IN THE COURT OF CRIMINAL APPEALS OF TENNESSEE
AT NASHVILLE
April 22, 2003 Session
STATE OF TENNESSEE v. AARON EUGENE STENBERG
Direct Appeal from the Circuit Court for Maury County
Nos. 11770, 11773B Robert L. Jones, Judge
No. M2002-01096-CCA-R3-CD - Filed June 13, 2003
The trial court sentenced the defendant to an effective term of six years with 120 days incarceration
followed by probation as a result of the defendant’s guilty pleas to three counts of vandalism over
$10,000, one count of vandalism over $1,000, one count of vandalism over $500, and one count of
vandalism under $500. In this appeal, the defendant argues: (1) his sentence is excessive; (2) the
trial court erred in denying him full probation; and (3) the trial court erred in denying judicial
diversion.
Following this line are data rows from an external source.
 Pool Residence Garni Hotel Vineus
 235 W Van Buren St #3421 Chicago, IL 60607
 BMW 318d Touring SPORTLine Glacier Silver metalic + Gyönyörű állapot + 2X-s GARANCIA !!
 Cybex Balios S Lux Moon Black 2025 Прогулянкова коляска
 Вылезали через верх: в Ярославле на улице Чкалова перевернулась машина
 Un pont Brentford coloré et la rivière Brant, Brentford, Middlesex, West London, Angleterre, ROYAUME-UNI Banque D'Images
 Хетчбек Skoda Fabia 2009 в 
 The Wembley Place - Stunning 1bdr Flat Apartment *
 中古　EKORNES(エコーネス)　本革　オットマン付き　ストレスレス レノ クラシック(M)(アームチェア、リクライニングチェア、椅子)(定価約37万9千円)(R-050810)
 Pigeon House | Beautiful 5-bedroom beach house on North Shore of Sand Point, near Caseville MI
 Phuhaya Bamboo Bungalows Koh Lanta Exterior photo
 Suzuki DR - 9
We remand for correction of clerical errors in some of the judgments but otherwise
affirm the judgments of the trial court.
Tenn. R. App. P. 3 Appeal as of Right; Judgments of the Circuit Court
Affirmed as Modified; Remanded
JOE G. RILEY, J., delivered the opinion of the court, in which JAMES CURWOOD WITT, JR., and NORMA
MCGEE OGLE , JJ., joined.
John S. Colley, III (on appeal), and Bobby W. Sands (at trial), Columbia, Tennessee, for the appellant,
Aaron Eugene Stenberg.
Paul G. Summers, Attorney General and Reporter; David H. Findley, Assistant Attorney General;
Mike Bottoms, District Attorney General; and Daniel J. Runde, Assistant District Attorney General,
for the appellee, State of Tennessee.
OPINION
On January 12, 2000, and January 18, 2000, the twenty-one-year-old defendant drove his
truck while his passenger, co-defendant Brandon Stricklin, used the defendant’s semi-automatic
assault rifle to shoot telephone equipment. The defendant pled guilty to two counts of vandalism
over $10,000 resulting from these incidents. On February 1, 2000, the defendant fired shots into a
Chevrolet Blazer parked in a yard and drove while Stricklin shot telephone and cable television
equipment mounted on a utility pole. The defendant pled guilty to one count of vandalism over
$10,000 for the damage to the telephone equipment, one count of vandalism over $1,000 for damage
to the vehicle, and one count of vandalism over $500 for the damage to the cable television
equipment. The defendant also pled guilty to vandalism under $500 for shooting a road sign on
February 3, 2000.
Following a sentencing hearing, the trial court denied judicial diversion and imposed the
following sentences: four-, five-, and six-year sentences on the vandalism over $10,000 convictions;
a four-year sentence on the vandalism over $1,000 conviction; a two-year sentence on the vandalism
over $500 conviction; and a suspended sentence of eleven months and twenty-nine days for
vandalism under $500. All sentences were ordered to run concurrently; the defendant was sentenced
to 120 days of confinement on all felony convictions followed by probation; and the defendant was
declared eligible for work release. The defendant contends the trial court imposed an excessive
sentence, erred in denying him full probation, and erred in denying his request for judicial diversion.
We disagree.
I. LENGTH OF SENTENCE
This court’s review of the sentence imposed by the trial court is de novo with a presumption
of correctness. Tenn. Code Ann. § 40-35-401(d). This presumption is conditioned upon an
affirmative showing in the record that the trial judge considered the sentencing principles and all
relevant facts and circumstances. State v. Pettus, 986 S.W.2d 540, 543 (Tenn. 1999). If the trial
court fails to comply with the statutory directives, there is no presumption of correctness and our
review is de novo. State v. Poole, 945 S.W.2d 93, 96 (Tenn. 1997). The burden is upon the
appealing party to show that the sentence is improper. Tenn. Code Ann. § 40-35-401(d) Sentencing
Commission Comments.
If no mitigating or enhancement factors for sentencing are present, Tennessee Code
Annotated section 40-35-210(c) provides that the presumptive sentence for these offenses shall be
the minimum sentence within the applicable range. State v. Lavender, 967 S.W.2d 803, 806 (Tenn.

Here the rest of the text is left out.